Conservapedia is a new invention of some conservatives as a balance to Wikipedia. A little background for those unfamiliar with the latest web technologies. Wikipedia is an online interactive encyclopedia. People all over the world can sign up for an account and submit entries. So if you look something up on Wikipedia it was very likely written by some expert in the field or someone very knowledgable of the field. It is therefore an excellent starting point for any number of research projects. According to many conservatives it, like reality, has a strong liberal bias, hence the creation of Conservapedia. Conservapedia has gotten a lot of derisive commentary, particularly on science and math blogs, as it's entries tend to lack something of the rigorous standards such folks expect. Indeed, nearly all the entries I've seen are simply awful. I was leaving it to others to comment on this monstrosity but I just has to go look for myself and check out something that is hardly a major controversy and about which I know something, the Hubble Space Telescope. Here is the entire entry:

The Hubble Telescope was an American space probe that explored distant space beginning in 1990.

It included one of the biggest engineering mistakes ever when its telescopic lens was mistakenly placed backwards on top of other lens, thereby reducing the clarity of the images. In a space mission, astronauts were able to add a corrective lens to it which restored it to its intended performance.
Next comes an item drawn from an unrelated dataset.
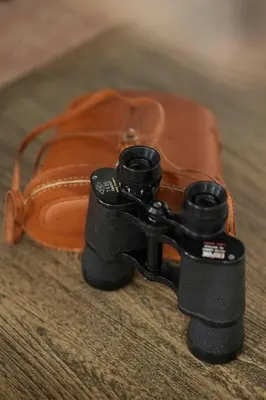 a pair of binoculars sitting on top of a purse at NEW Upscale House, Tahoe 30-min w/ Cal King in Steamboat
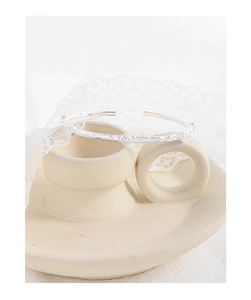 Detail of silver S925 bracelet with irregular texture and pearl-like accents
The telescope is named after astronomer Edwin Hubble whose observations of galaxies led him to the discovery that the universe is expanding.
That's it. Now in the first place the Hubble is still operating and NASA plans another servicing mission next year. The use of the past tense is a bit premature. The mirror was not put in backward, that error would have been quite uncorrectable. Rather the mirror was installed just fine, but was manufactured to be a few microns (that is thousandths of a millimeter) off of design at the edges of the 2.4 meter disk. That error, small though it may sound, was far more than the manufacturing process should have allowed and was sufficient to greatly reduce the quality of the images. I'm not sure what the author is talking about and whether the actual explaination makes NASA look better or worse, but his entry is just wrong. Also, to categorize this as "one of the biggest engineering mistakes ever" is a bit absurd. It is a matter of opinion, so I can't prove it wrong, but really I think I can come up with about a hundred engineering mistakes that were much worse than this. The final paragraph is fine.